▶ How to complete this task:
Two lines in the data below mark the range: the one with "Woman in Suit Levitating: Dark Skin Tone" and the one with "Stone Cropped Trousers | New Look". Return both, along with every line between them, exactly.

▶ Data supplied:

---*---

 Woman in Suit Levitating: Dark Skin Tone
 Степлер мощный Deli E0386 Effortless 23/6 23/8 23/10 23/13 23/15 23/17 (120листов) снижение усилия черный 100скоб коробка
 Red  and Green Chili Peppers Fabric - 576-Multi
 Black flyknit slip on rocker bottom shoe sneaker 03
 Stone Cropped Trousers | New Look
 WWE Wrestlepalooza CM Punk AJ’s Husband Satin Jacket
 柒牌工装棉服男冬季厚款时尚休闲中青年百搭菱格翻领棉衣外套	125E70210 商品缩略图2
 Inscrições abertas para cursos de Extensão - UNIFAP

---*---

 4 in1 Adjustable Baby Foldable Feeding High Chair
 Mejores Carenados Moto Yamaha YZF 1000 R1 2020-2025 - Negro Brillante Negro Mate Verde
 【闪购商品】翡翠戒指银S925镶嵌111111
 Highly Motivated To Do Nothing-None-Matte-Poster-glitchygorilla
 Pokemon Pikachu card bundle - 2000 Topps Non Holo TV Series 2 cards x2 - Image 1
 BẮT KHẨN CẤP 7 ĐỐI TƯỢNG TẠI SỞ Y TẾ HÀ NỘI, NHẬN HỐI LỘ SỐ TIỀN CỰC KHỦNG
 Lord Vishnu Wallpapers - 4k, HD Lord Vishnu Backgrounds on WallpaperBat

---*---

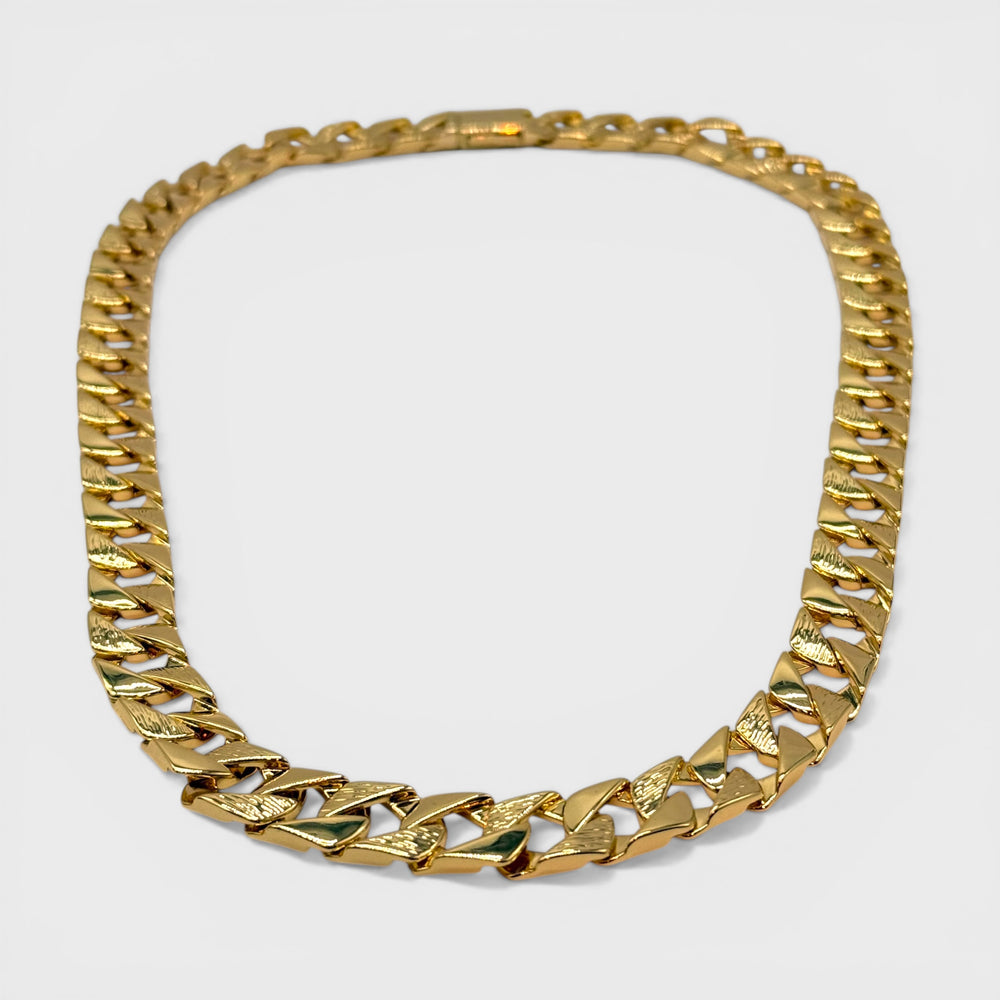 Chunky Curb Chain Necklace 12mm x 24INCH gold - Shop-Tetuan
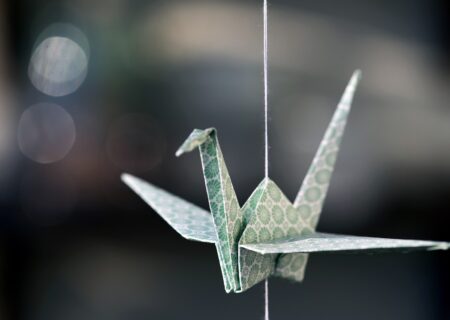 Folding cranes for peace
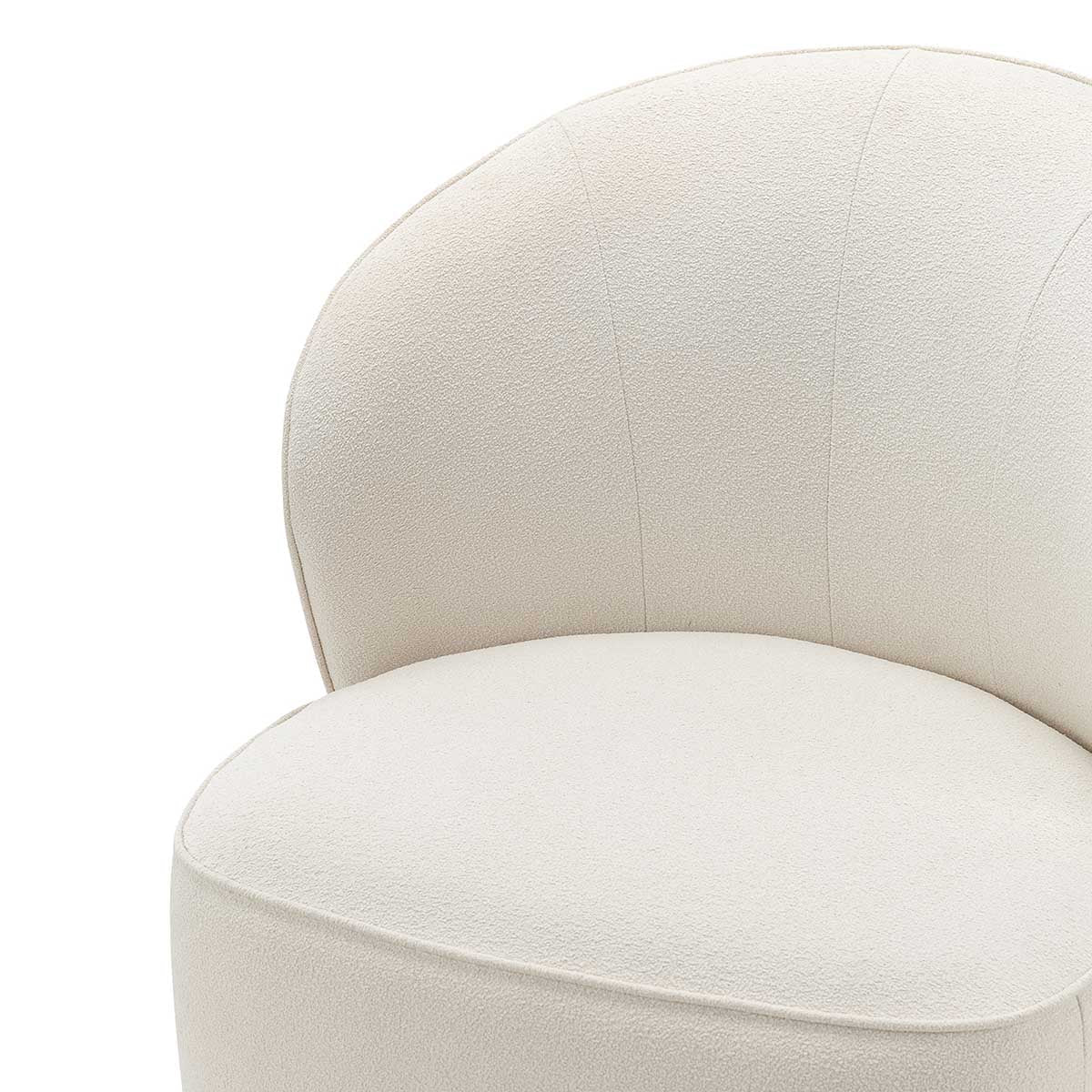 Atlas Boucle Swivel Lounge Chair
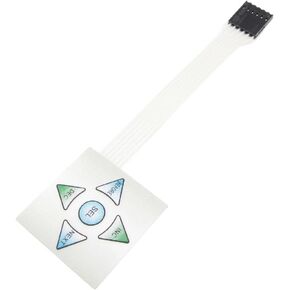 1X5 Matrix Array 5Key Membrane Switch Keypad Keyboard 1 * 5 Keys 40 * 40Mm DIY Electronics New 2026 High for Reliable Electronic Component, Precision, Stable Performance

---*---

▶ Answer to the exercise:
 Woman in Suit Levitating: Dark Skin Tone
 Степлер мощный Deli E0386 Effortless 23/6 23/8 23/10 23/13 23/15 23/17 (120листов) снижение усилия черный 100скоб коробка
 Red  and Green Chili Peppers Fabric - 576-Multi
 Black flyknit slip on rocker bottom shoe sneaker 03
 Stone Cropped Trousers | New Look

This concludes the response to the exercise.